直隶的百姓人心惶惶,他们不知道在洋人的管辖下会怎样的水深火热,已经有百姓想要搬家,逃离直隶。
保定府以南,清苑县的一处村落。
原本就不富裕的村子,此刻更是笼罩在一片愁云惨澹之中。
村口的歪脖子树下,聚满了背着铺盖卷、推着独轮车的村民。
孩子的哭声、女人的抽泣声、老人的叹息声。
「走吧,都走吧。」
族长王老汉拄着拐杖,老泪纵横,看着这生养了几辈人的土地,眼里满是不舍:「这直隶已经不是大清的地界儿了。朝廷把咱们卖了!卖给洋鬼子了!」
「太爷爷,咱们去哪儿啊?」一个流着鼻涕的小孩拽着王老汉的衣角问。
「去河南,去山东————」
这几天,各种可怕的谣言像瘟疫一样在乡间传播。
有的说洋人长着蓝眼睛红头发,专吃小孩的心肝,有的说洋人要抓壮丁去修铁路,那是把人填在枕木底下当路基,还有的说洋人要把所有的地都收走,让大家都当奴隶。
对于一辈子没出过县城的农民来说,未知的恐惧被无限放大了。
「可是家里的地怎么办?那麦苗刚长出来————」一个壮汉蹲在地上,抱着头,瓮声瓮气地说。
「命都要没了,还顾得上地?」
王老汉一拐杖敲在壮汉背上:「你个憨货!留在这儿,那是给洋人当口粮!走!趁着洋兵还没进村,赶紧走!」
一支支逃难的队伍,就这样在恐惧的驱使下,离开了家园,汇聚到官道上,向着南方艰难地蠕动。

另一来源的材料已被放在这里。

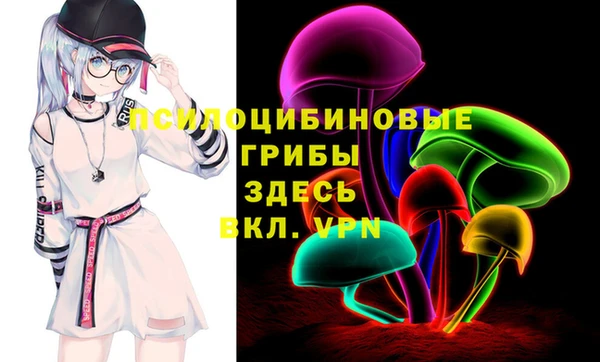 стафф Богородицк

他们像是被大火惊吓的蚂蚁,虽然不知道前方有没有活路,但本能驱使他们逃离身后的魔窟。
然而,就在他们走到县城外的十里舖时,却发现前面的路被堵住了。
不是兵丁设卡抓人,而是黑压压的人群围在那里,不仅没有哭声,反而传来了一阵阵不可思议的惊呼声。
「咋了?洋鬼子杀人了?」王老汉吓得一哆嗦,差点摔倒。
「不————不是————」
前面探路的后生跑回来,跑丢了一只鞋都顾不上,满脸通红,上气不接下气:「太爷爷!您————您快去看看吧!洋人在发粮食!」
「发粮?发断头饭吧?」
王老汉死活不信,「哪有狼给羊喂草的道理?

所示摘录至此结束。